The neo-soul movement spearheaded by Erykah Badu and Lauryn Hill that gave birth to Jill Scott now extends to the likes of India.Arie, Nelly Furtado, and Alicia Keys, with no end in sight as A&R people beat the bushes for every young woman of color who ever listened to an Aretha Franklin record as a child and thought, "Why not me?" Columbia Records didn't have to look too hard for Vivian Green, a Philadelphia native who was singing backup for Scott, to find yet another contender.
Green is a likable enough singer with the usual romantic obsessions and a sense of generalized vocal embellishment.
Her lyrics betray the influence of Scott in their wordiness, though Green lacks Scott's intelligence; all she really has to talk about is her need for love and her repeated disappointments in that pursuit.
A group of producers provide familiar instrumental beds to support those sentiments, nothing that hasn't been heard before.
But Green is at her best on the largely acoustic "No Sittin' By the Phone," which has a jazz feel and a real sense of romantic anguish.

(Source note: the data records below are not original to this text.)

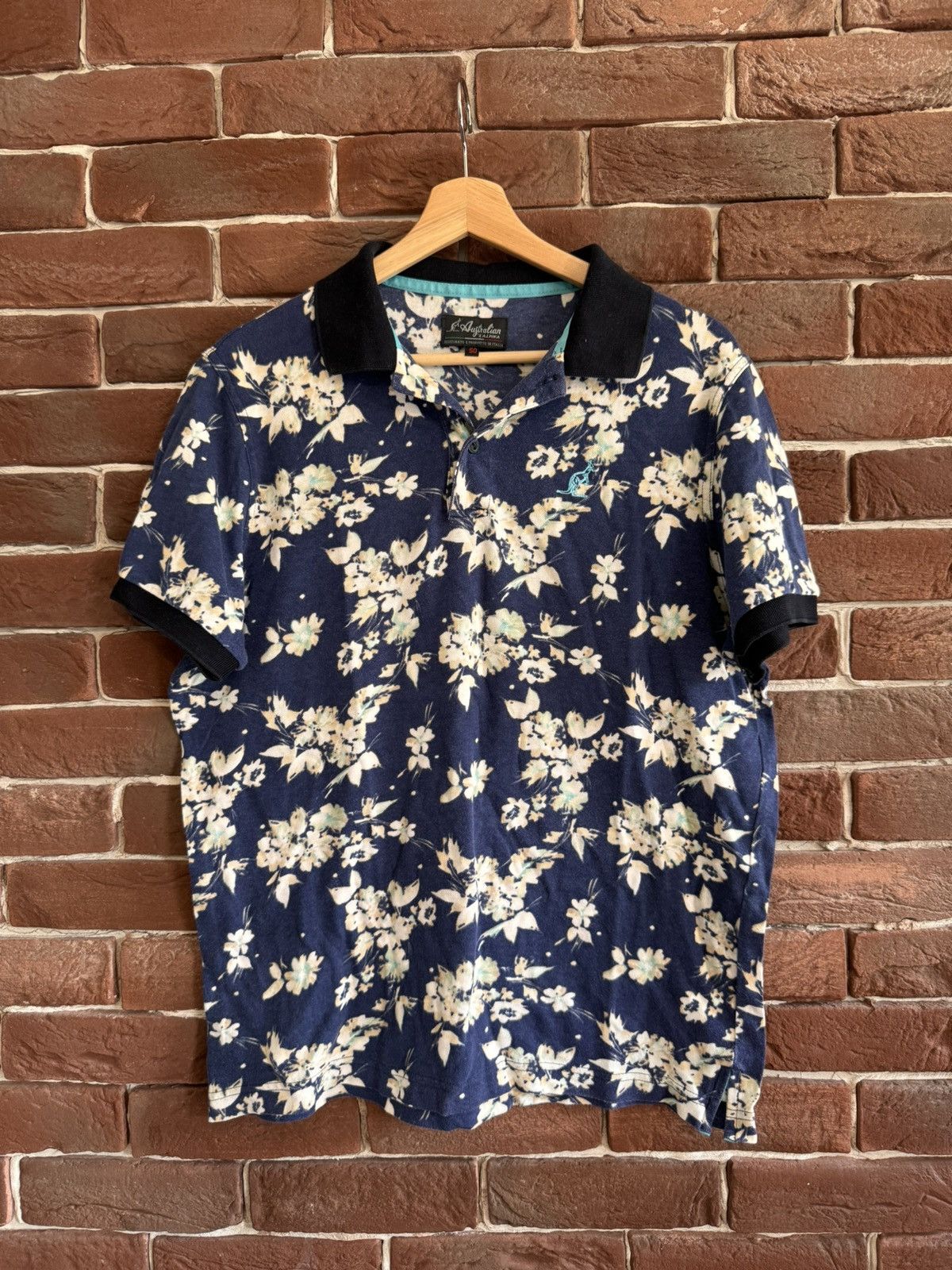 Thunderdome Rare Vintage 00s Australian L’alpina Polo Gabber Thunderdome Size US M / EU 48-50 / 2 - 1 Thumbnail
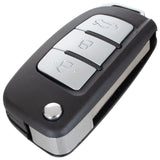 Carcasă telecomandă pentru Ford C-Max Fiesta Focus 2 Fusion și altele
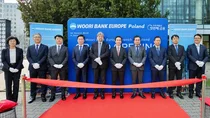 우리은행, 국내은행 최초로 폴란드 지점 개점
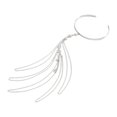 thumbnail image 4 of segolike Tassel Upper Arm Cuff Beach Tassel Armband Boho Chain Summer Upper Arm Bracelets C, 4 of 9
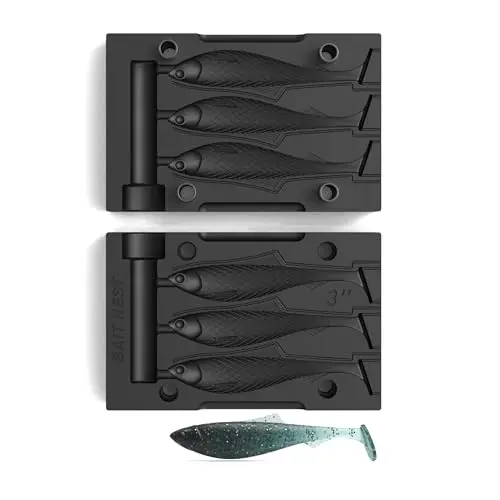 Premium Soft Plastic Lure Mold Swimbait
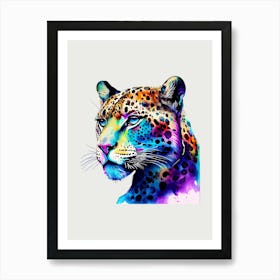 Jaguar Painting Art Print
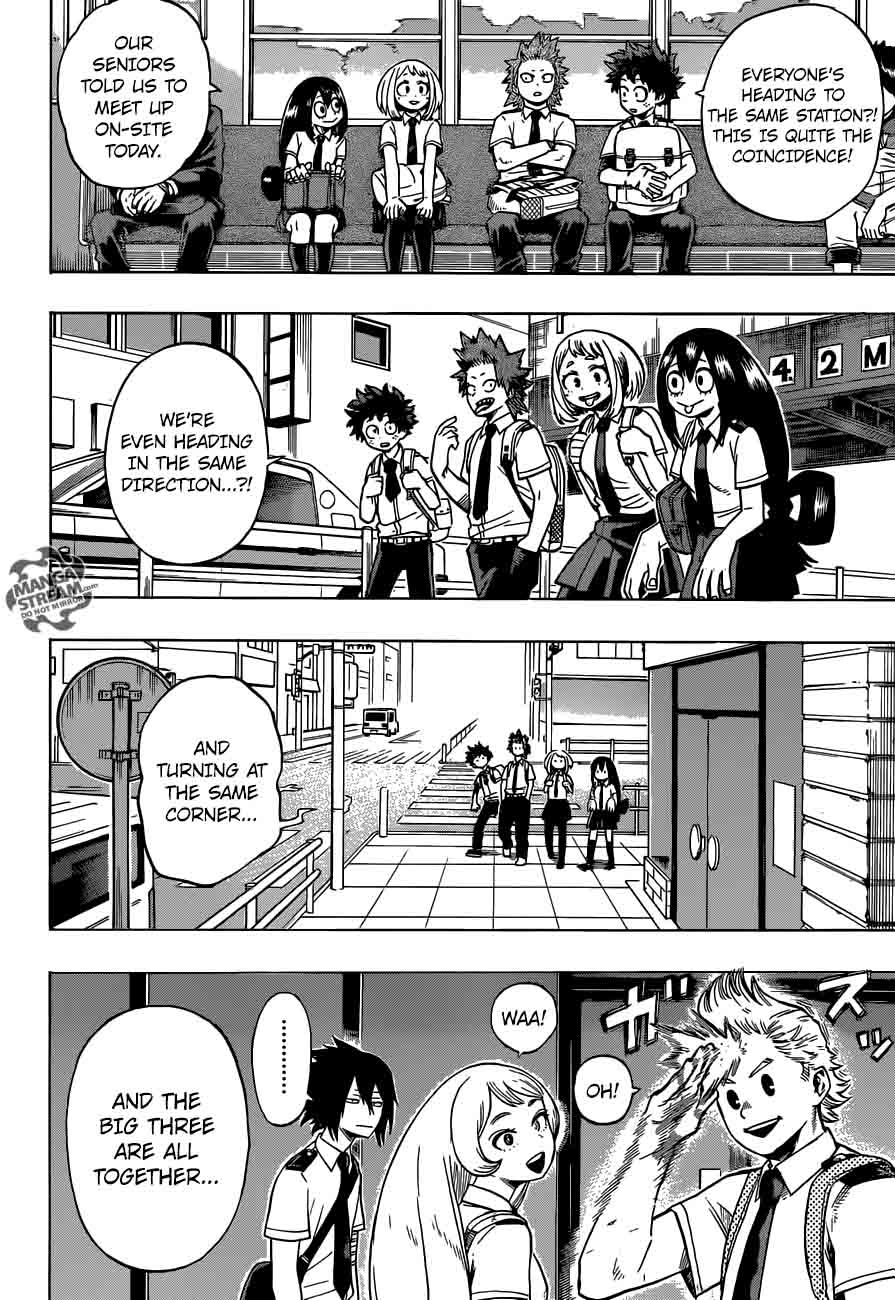 My Hero Academia Chapter 134 - Page 17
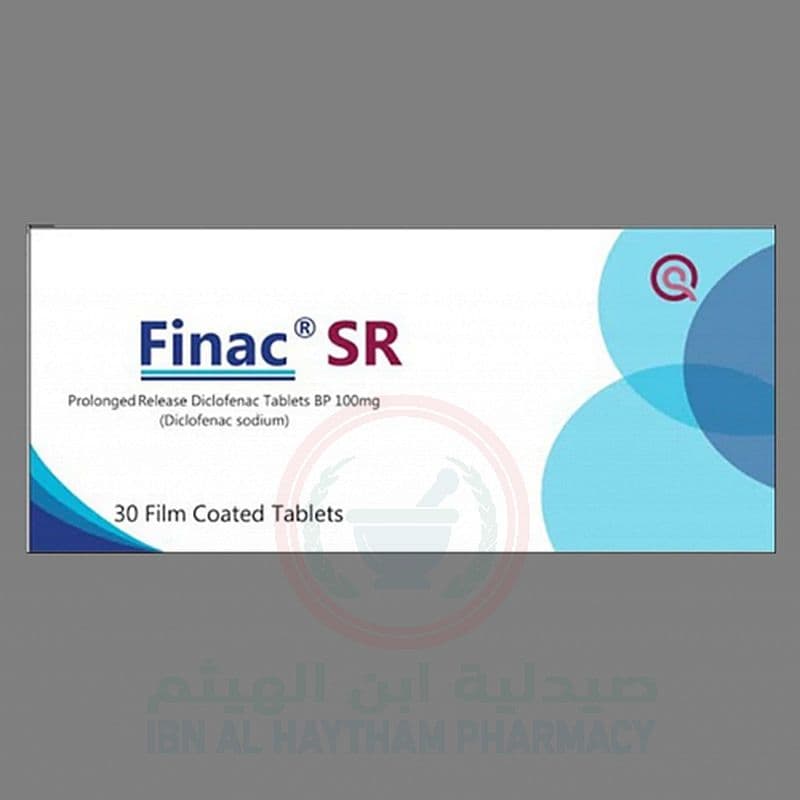 Finac Sr Tablets 30'S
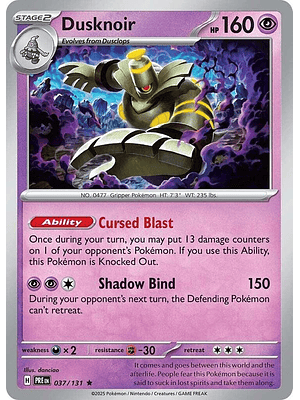 Dusknoir #037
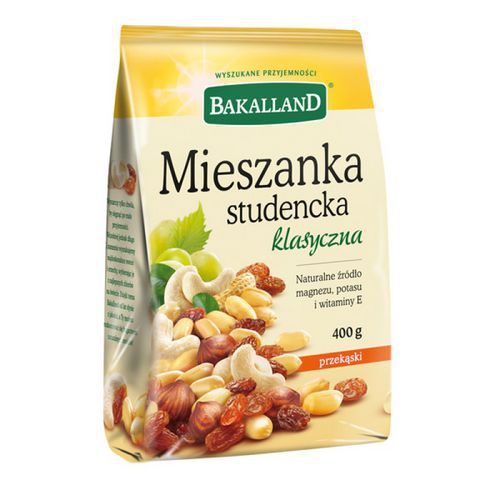 Mieszanka studencka klasyczna BAKALLAND, 400g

By contrast, the gimmicky leadoff track, "Wishful Thinking" (what do you bet it's the emphasis track/single?), reveals her at her dumbest (she gets around to wishing for world peace only after first wishing for an annual Paris vacation) and the music at its most slavishly imitative of Green's many predecessors in the crowded neo-soul field.
Maybe consumers are ready to accept yet another singer in this style, but even so, on her debut album, Green is far from the most compelling of the group.